The restoration of Dodona Manor, the Leesburg home of Gen. George C. Marshall, is expected to get a boost in the form of $250,000 in federal funding under consideration by Congress.
Rep. Frank R. Wolf (R-Va.) is scheduled to join Leesburg Mayor Kristen C. Umstattd and members of the George C. Marshall International Center's board of directors at the 19th-century farmhouse tomorrow to announce the planned funds.
The money would come from a Department of Housing and Urban Development account designed to help communities with economic development. The House Appropriations Committee included the money in a bill that is expected to be considered by the full House and Senate this fall.
Marshall served as Army chief of staff during World War II and later as secretary of state and defense.
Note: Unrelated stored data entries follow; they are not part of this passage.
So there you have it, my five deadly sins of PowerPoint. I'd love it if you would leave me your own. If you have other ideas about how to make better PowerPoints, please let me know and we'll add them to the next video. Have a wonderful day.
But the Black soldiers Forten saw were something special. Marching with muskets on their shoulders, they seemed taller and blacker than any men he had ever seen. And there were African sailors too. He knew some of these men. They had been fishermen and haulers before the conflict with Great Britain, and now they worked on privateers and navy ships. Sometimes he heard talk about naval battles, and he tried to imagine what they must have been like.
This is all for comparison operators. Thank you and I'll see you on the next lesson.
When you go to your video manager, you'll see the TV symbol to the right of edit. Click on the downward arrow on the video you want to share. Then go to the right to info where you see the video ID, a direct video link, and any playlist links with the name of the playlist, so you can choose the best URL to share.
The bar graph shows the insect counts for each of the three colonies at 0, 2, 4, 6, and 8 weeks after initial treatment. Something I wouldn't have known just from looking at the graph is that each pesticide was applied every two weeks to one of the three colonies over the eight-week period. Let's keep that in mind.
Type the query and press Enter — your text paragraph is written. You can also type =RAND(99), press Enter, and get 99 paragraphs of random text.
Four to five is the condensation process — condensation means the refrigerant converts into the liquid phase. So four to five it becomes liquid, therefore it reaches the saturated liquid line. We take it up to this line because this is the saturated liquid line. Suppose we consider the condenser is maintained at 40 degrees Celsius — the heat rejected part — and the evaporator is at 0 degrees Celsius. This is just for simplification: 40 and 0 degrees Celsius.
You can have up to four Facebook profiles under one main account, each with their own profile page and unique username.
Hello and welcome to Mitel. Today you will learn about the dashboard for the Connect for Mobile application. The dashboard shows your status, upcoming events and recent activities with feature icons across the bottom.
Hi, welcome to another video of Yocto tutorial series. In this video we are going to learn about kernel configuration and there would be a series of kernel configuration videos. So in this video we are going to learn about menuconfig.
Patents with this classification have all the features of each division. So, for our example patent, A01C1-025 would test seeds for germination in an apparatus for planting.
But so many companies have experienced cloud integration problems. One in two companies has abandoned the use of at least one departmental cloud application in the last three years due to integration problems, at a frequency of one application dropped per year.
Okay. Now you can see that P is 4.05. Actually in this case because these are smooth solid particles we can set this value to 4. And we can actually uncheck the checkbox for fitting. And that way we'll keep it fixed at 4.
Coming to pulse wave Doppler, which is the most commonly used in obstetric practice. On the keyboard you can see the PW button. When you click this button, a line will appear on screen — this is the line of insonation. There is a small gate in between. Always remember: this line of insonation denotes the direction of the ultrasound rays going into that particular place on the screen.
He is perhaps best known as the architect of the massive U.S.-led plan that bears his name to rebuild Europe after World War II. He received the Nobel Peace Prize in 1953.
Marshall bought the Leesburg estate with his wife, Katherine, in 1941, and the couple used it as a country retreat.
"Marshall loved Leesburg," said Anne Horstman, executive vice president of the center. "He was a very busy man who traveled everywhere. Leesburg and Loudoun County offered him just a wonderful getaway."
The George C. Marshall International Center bought the home in 1995 and launched the restoration project four years later. The exterior has been completed, which leaves work only on the items that will fill the inside and the gardens and landscaping on the four-acre property, Horstman said. The home is scheduled to open to the public in November 2005.
In all, the restoration will cost $3 million to $5 million. It is being funded by a combination of private and public sources, Horstman said.
A tour of the house, she said, will allow visitors to explore a 19th-century structure while experiencing the nostalgia of the furnishings installed by the Marshalls during the 1940s and '50s. Educational displays will cover pivotal events in which Marshall played an important role.
A spokeswoman for Wolf's office said the congressman believes the manor will play an important role in attracting visitors to the region.
"By restoring Dodona Manor, we feel we will continue to promote the tourism industry," said spokeswoman Anne McClure.